What needs to be done => Your answer must be an exact transcription of the lines from the line with "this 800×500 image." through the final line of the data.

(Stored entries)
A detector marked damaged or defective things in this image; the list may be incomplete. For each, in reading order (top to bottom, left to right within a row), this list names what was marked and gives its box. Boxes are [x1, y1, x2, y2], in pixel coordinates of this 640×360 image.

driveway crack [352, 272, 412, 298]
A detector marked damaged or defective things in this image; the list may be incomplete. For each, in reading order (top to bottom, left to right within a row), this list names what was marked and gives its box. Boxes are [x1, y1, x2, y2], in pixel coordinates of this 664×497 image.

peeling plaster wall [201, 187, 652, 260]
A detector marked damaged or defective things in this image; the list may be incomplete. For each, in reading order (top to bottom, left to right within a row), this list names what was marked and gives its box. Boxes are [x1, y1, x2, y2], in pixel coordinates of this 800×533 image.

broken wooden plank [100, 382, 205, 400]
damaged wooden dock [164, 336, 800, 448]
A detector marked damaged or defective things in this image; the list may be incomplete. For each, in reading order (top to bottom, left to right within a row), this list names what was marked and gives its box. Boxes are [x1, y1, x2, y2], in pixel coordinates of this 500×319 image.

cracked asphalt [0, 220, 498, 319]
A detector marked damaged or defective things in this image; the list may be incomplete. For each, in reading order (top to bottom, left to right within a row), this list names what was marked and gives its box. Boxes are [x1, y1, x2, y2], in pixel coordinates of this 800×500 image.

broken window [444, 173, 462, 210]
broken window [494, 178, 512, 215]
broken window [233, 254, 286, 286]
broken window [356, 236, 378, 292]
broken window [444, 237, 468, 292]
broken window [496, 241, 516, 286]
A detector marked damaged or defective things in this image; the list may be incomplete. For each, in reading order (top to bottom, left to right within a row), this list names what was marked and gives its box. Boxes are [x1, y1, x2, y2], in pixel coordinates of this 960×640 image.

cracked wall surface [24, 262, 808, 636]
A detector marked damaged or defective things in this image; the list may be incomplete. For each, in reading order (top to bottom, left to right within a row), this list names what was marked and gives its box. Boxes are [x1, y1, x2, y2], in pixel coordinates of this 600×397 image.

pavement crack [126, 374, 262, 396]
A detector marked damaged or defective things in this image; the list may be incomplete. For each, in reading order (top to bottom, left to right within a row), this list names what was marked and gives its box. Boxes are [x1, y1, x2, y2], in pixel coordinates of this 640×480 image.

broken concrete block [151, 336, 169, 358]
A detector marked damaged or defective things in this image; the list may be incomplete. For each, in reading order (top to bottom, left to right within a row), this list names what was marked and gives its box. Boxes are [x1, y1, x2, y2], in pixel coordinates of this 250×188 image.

Output for this task =>
A detector marked damaged or defective things in this image; the list may be incomplete. For each, in reading order (top to bottom, left to right within a row), this list names what was marked and gives its box. Boxes are [x1, y1, x2, y2], in pixel coordinates of this 800×500 image.

broken window [444, 173, 462, 210]
broken window [494, 178, 512, 215]
broken window [233, 254, 286, 286]
broken window [356, 236, 378, 292]
broken window [444, 237, 468, 292]
broken window [496, 241, 516, 286]
A detector marked damaged or defective things in this image; the list may be incomplete. For each, in reading order (top to bottom, left to right within a row), this list names what was marked and gives its box. Boxes are [x1, y1, x2, y2], in pixel coordinates of this 960×640 image.

cracked wall surface [24, 262, 808, 636]
A detector marked damaged or defective things in this image; the list may be incomplete. For each, in reading order (top to bottom, left to right within a row), this list names what was marked and gives its box. Boxes are [x1, y1, x2, y2], in pixel coordinates of this 600×397 image.

pavement crack [126, 374, 262, 396]
A detector marked damaged or defective things in this image; the list may be incomplete. For each, in reading order (top to bottom, left to right within a row), this list names what was marked and gives its box. Boxes are [x1, y1, x2, y2], in pixel coordinates of this 640×480 image.

broken concrete block [151, 336, 169, 358]
A detector marked damaged or defective things in this image; the list may be incomplete. For each, in reading order (top to bottom, left to right within a row), this list names what was marked and gives its box. Boxes are [x1, y1, x2, y2], in pixel coordinates of this 250×188 image.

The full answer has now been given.